What you have to do:
All that is needed is the lines from the one containing "BMW 5-Series 520d SE 18&quot; Auto" through the end of the listing, printed exactly, with no pictures among them.

======== Information shown ========

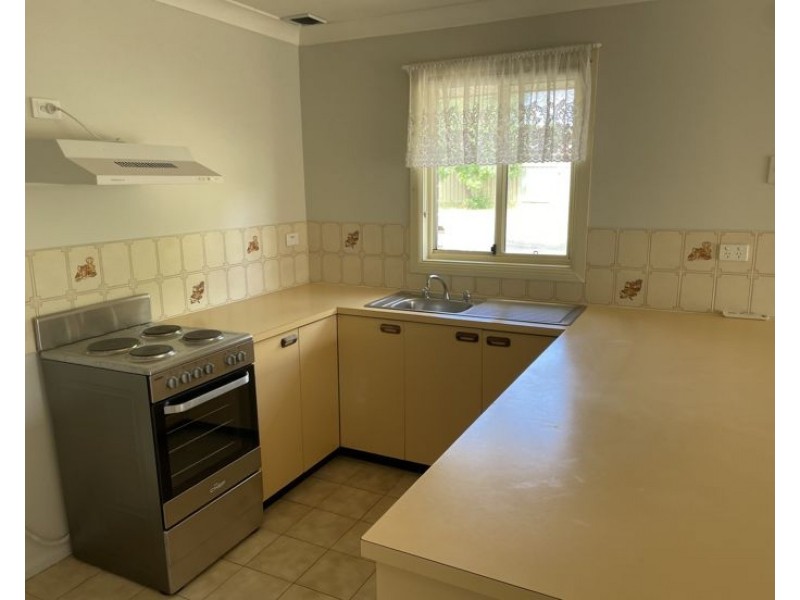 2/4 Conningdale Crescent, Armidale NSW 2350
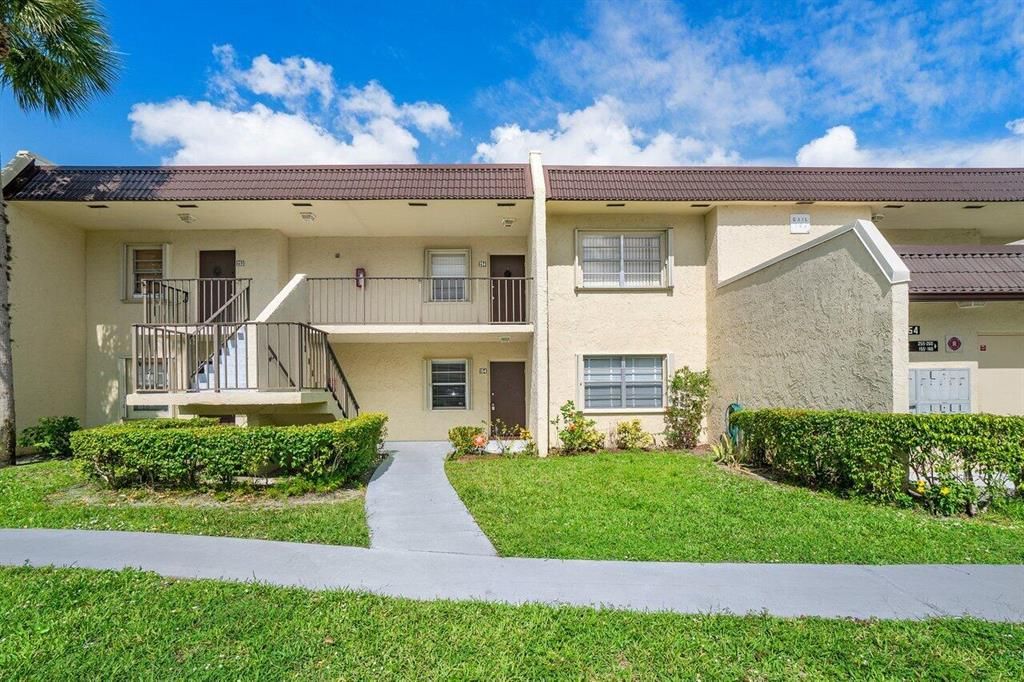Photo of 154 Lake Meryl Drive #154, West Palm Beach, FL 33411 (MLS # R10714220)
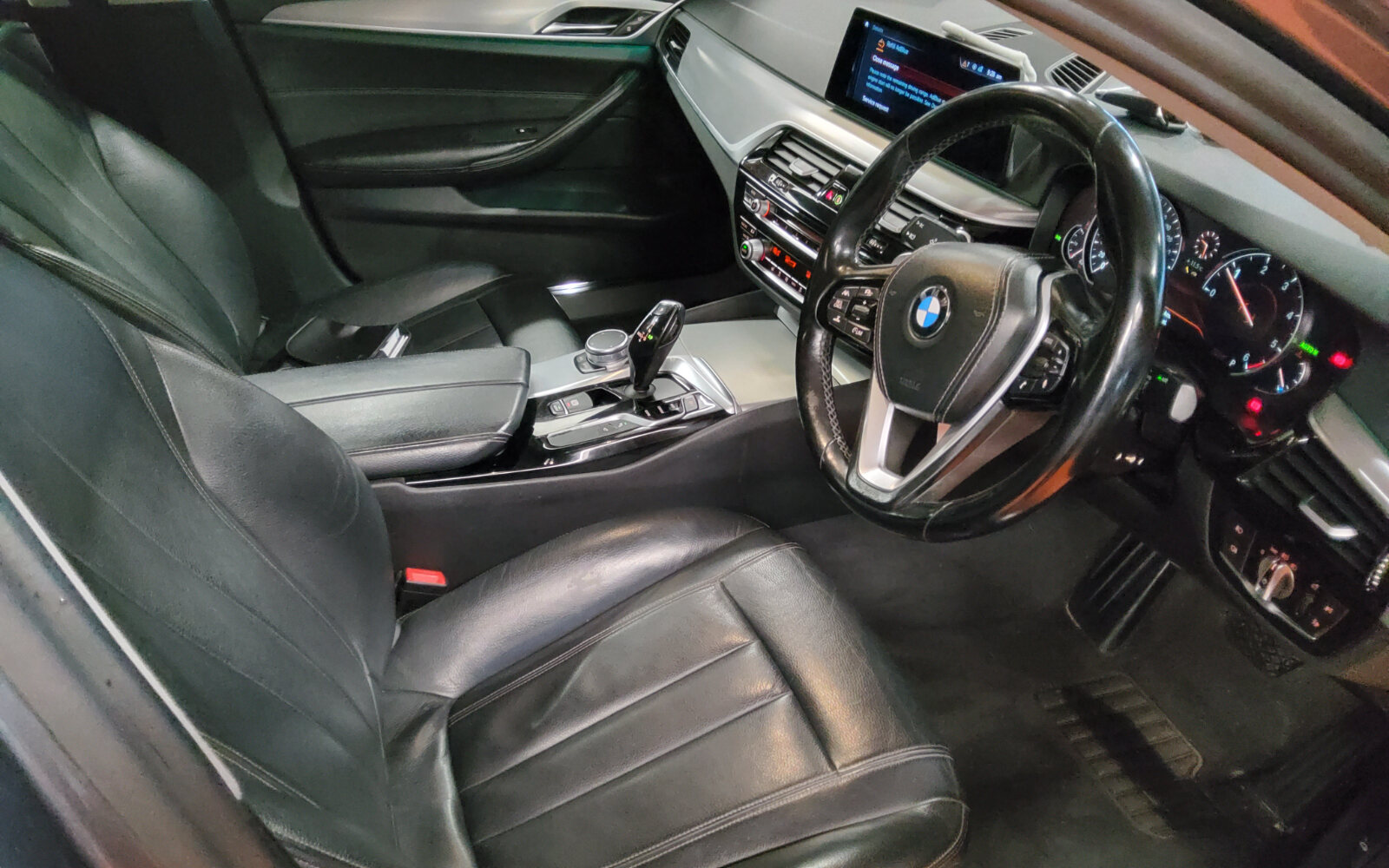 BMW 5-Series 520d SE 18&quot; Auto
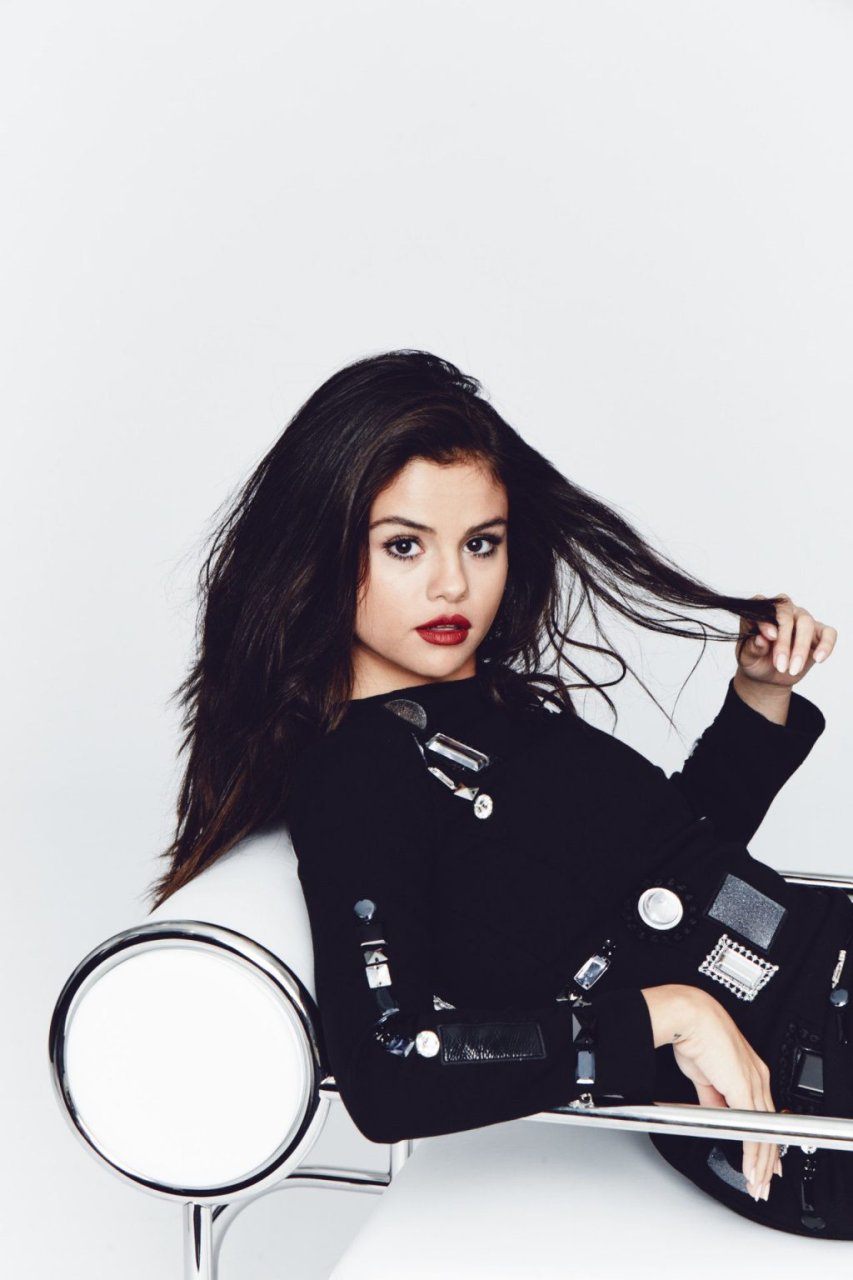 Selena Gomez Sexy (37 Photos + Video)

========

Response:
 BMW 5-Series 520d SE 18&quot; Auto
 Selena Gomez Sexy (37 Photos + Video)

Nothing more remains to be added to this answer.